Records provided:
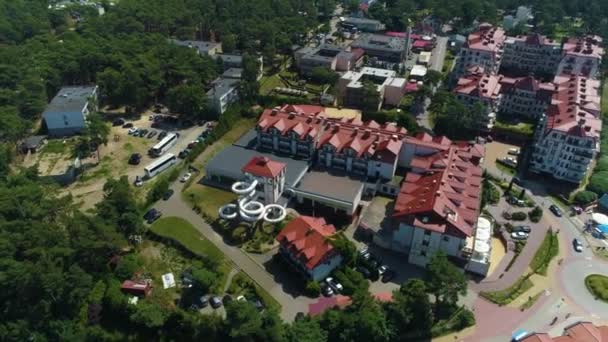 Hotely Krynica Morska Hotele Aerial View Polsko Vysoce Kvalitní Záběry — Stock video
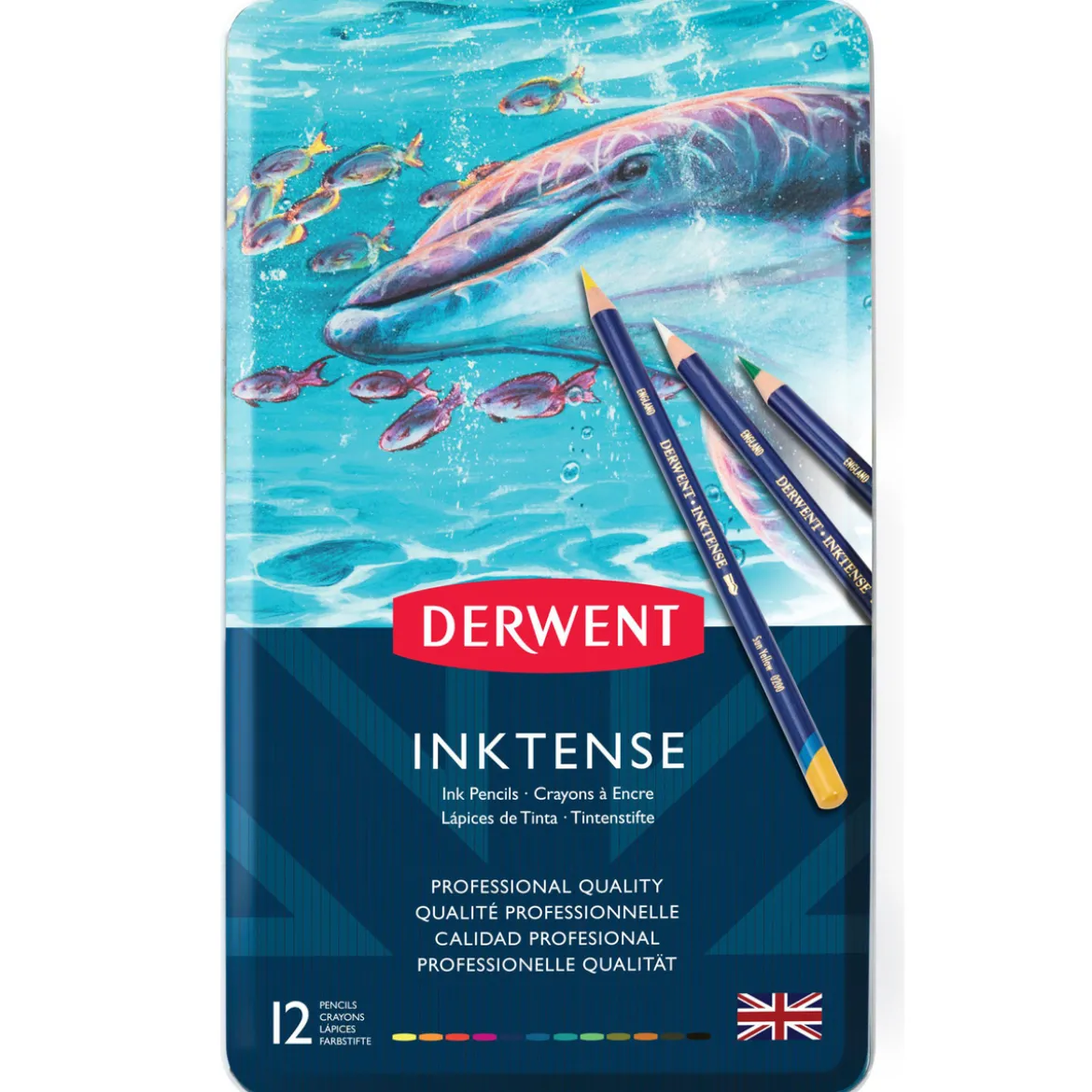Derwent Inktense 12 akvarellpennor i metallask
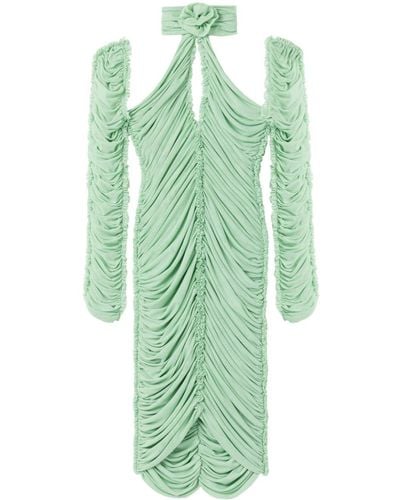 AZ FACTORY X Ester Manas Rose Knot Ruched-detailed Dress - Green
==
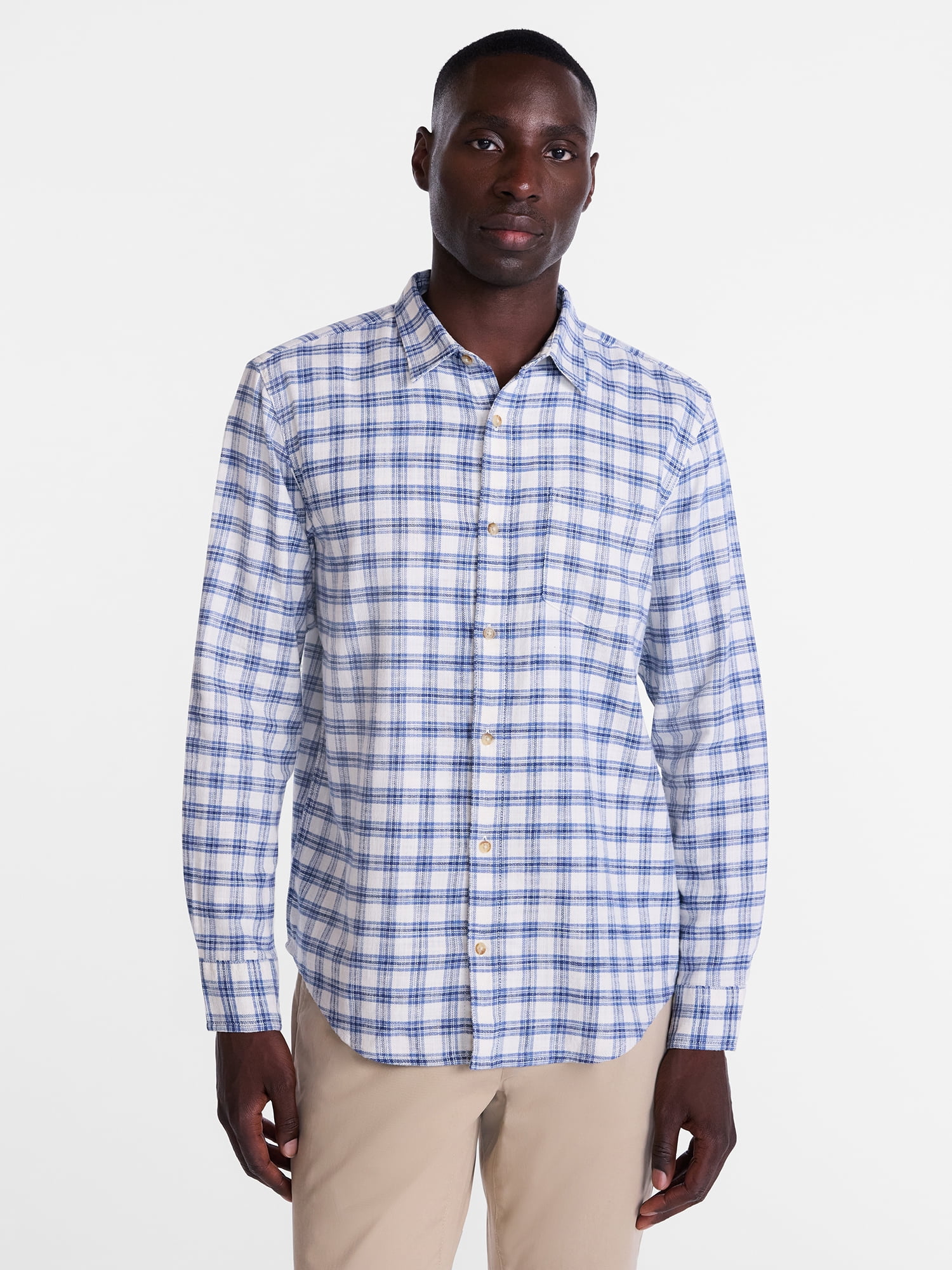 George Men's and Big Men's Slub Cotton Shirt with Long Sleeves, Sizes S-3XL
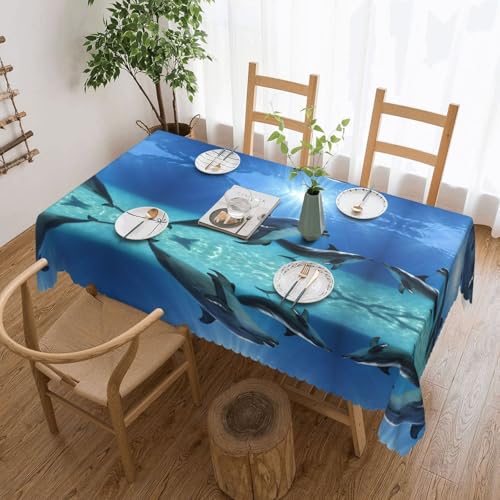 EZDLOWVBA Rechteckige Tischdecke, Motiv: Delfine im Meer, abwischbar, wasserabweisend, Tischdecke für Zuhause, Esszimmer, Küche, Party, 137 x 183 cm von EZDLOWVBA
* * *
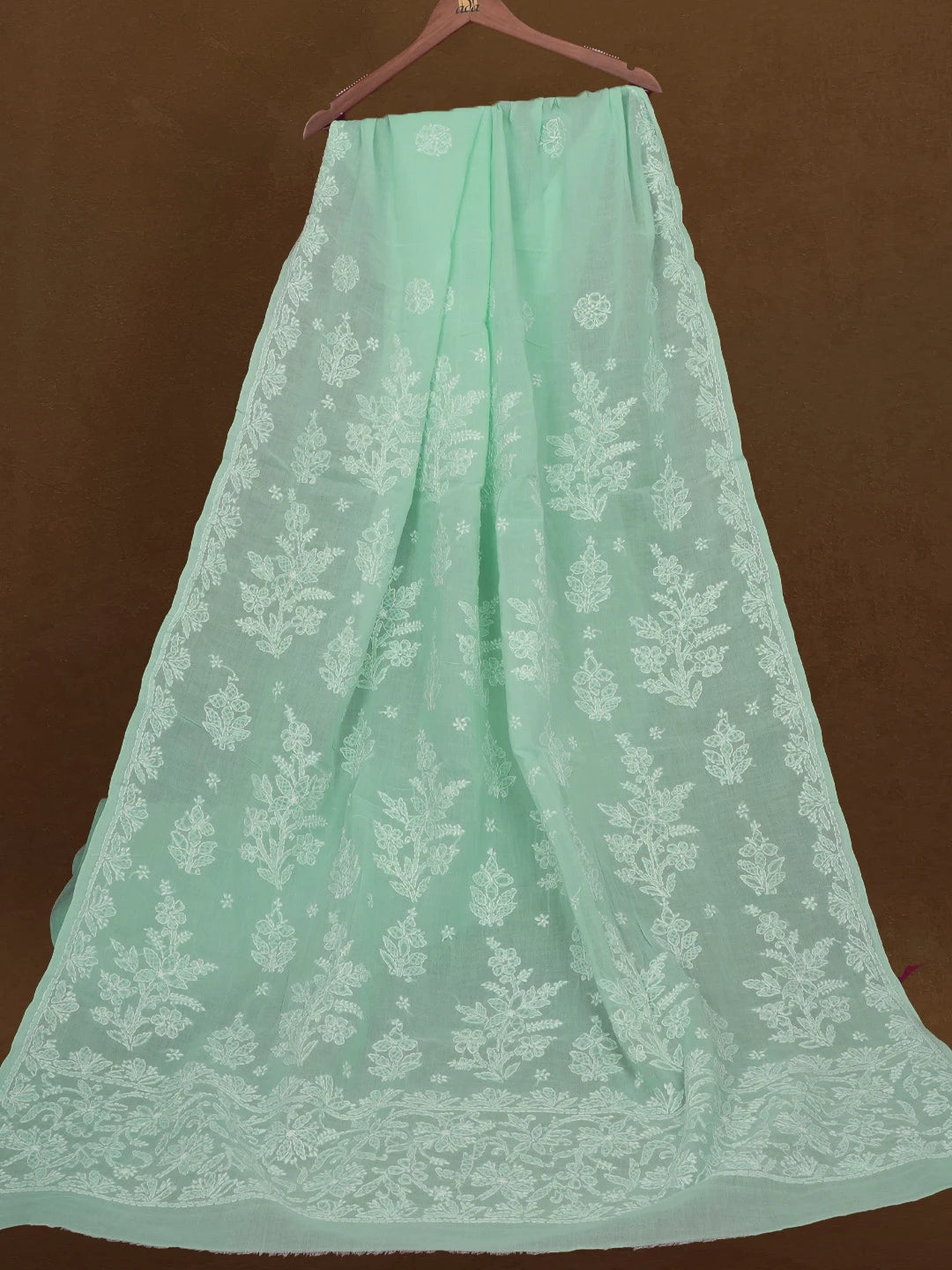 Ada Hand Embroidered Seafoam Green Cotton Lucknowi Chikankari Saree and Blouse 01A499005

Problem to work on: Could the stretch from the line with "George Men's and" through the line with "EZDLOWVBA Rechteckige Tischdecke, Motiv: Delfine" in the listing above be restated word for word, minus the pictures?

Written solution:
 George Men's and Big Men's Slub Cotton Shirt with Long Sleeves, Sizes S-3XL
 EZDLOWVBA Rechteckige Tischdecke, Motiv: Delfine im Meer, abwischbar, wasserabweisend, Tischdecke für Zuhause, Esszimmer, Küche, Party, 137 x 183 cm von EZDLOWVBA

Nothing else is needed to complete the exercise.